This chapter briefly outlines federal Indian policy with a focus on major developments that affect land ownership and management in the contiguous United States. The chapter highlights various political conditions and policy developments, including the condition of inherent tribal sovereignty, the federal trust responsibility toward tribes, reserved treaty rights, congressional plenary authority, different pathways to federal recognition, and the rise of self-governance authority, each of which has shaped the specific kinds of land management activities undertaken by tribal governments. Several emergent issue areas are then highlighted as a means of illustrating the diverse range of land management issues facing tribes, including devolved tribal land management of reservation resources, comanagement authority of off-reservation federal lands, consultative authority regarding land-use planning on private lands, and relocation initiatives as an adaptation strategy for negative impacts of climate change. It concludes with the assertion that while many Native American tribes have dramatically expanded the scope of their land management responsibilities, others have not, as a result of either being unwilling to do so or not enjoying the same set of opportunities as enjoyed by other tribes, owing to their specific relationship with the federal government. It is thus impossible to generalize about tribal land management activity across all tribal governments. Regardless, the tenuous position of Native Americans vis-à-vis the federal government always casts a shadow over the specific range of governance activities carried out by tribal governments, with the status quo involving any particular tribe being potentially overturned at any moment by a fundamental change in federal policy.

Map of federally recognized tribal lands.
Figure 14.1. Map of federally recognized tribal lands. Source: US Government Accountability Office (2018).

History of Tribal-Federal Relations

The relationship between Native Americans and European settlers during the colonial era can best be characterized as a “nation-to-nation relationship” in which the English negotiated treaties with tribes as co-sovereign entities, even as the English disparaged their “savage” cultural practices and “primitive” forms of political organization (Wilkins and Stark 2011, pp. 52-53).

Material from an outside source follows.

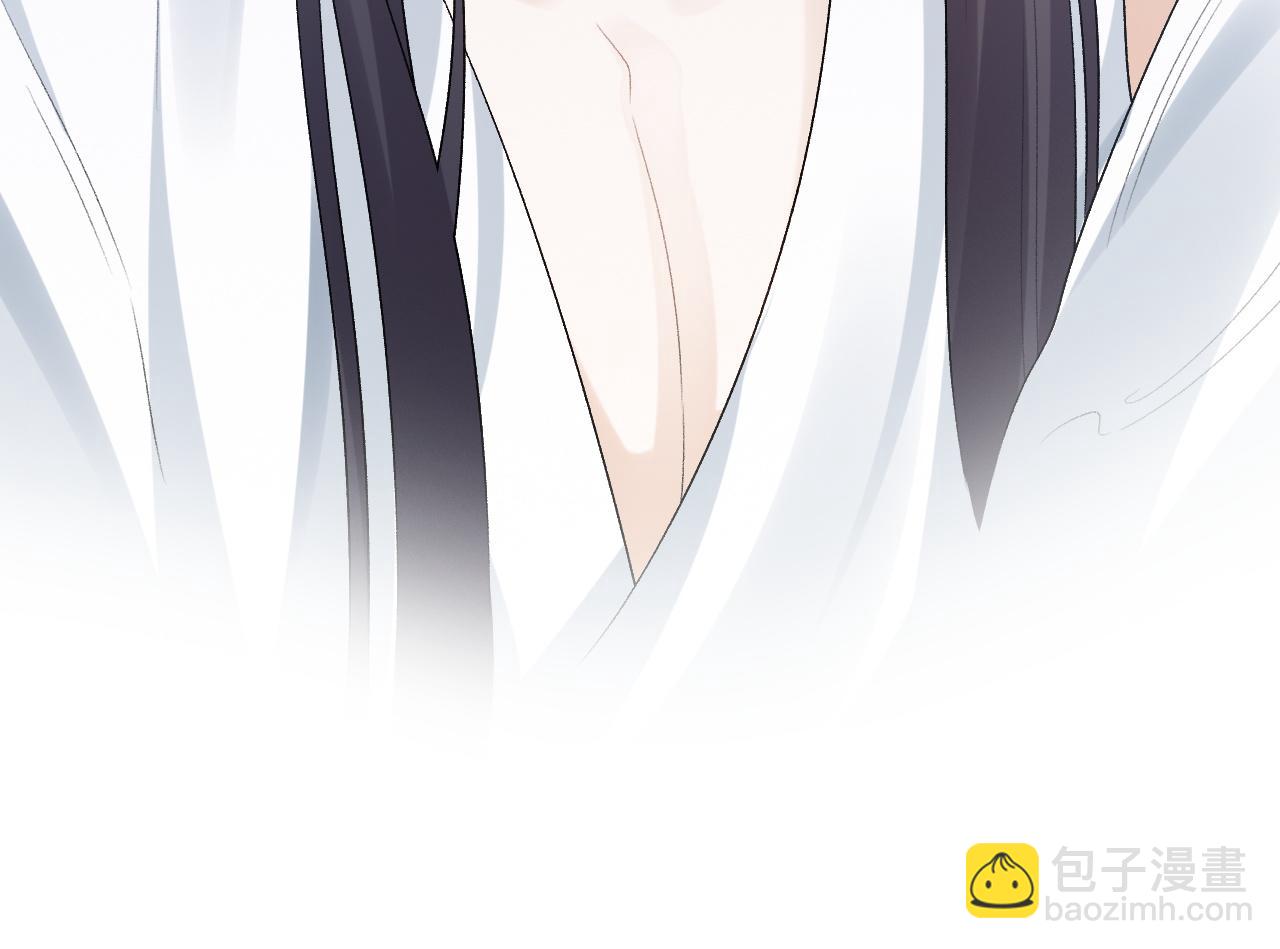 第38话 喜欢他什么？49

These treaties largely served to attain land cessions in areas that were attractive to English settlers, in exchange for reserved areas that were fully under the control of the tribes themselves. These treaties were often negotiated to end periods of open hostilities between colonists and tribes, and thus frequently reflected asymmetrical bargaining positions between the vanquishers and the vanquished, although some treaties were struck against a backdrop of peaceful relations that the signatories hoped to codify and perpetuate into the future. Upon independence, the US government continued this practice, implicitly recognizing the inherent sovereignty of indigenous nations. But the substance of the treaties negotiated by the US government increasingly began to shift toward land cession in exchange for monetary concessions and direct provision of services by the federal government over such things as health care and education, which opened the door for subsequent interventions in tribal affairs.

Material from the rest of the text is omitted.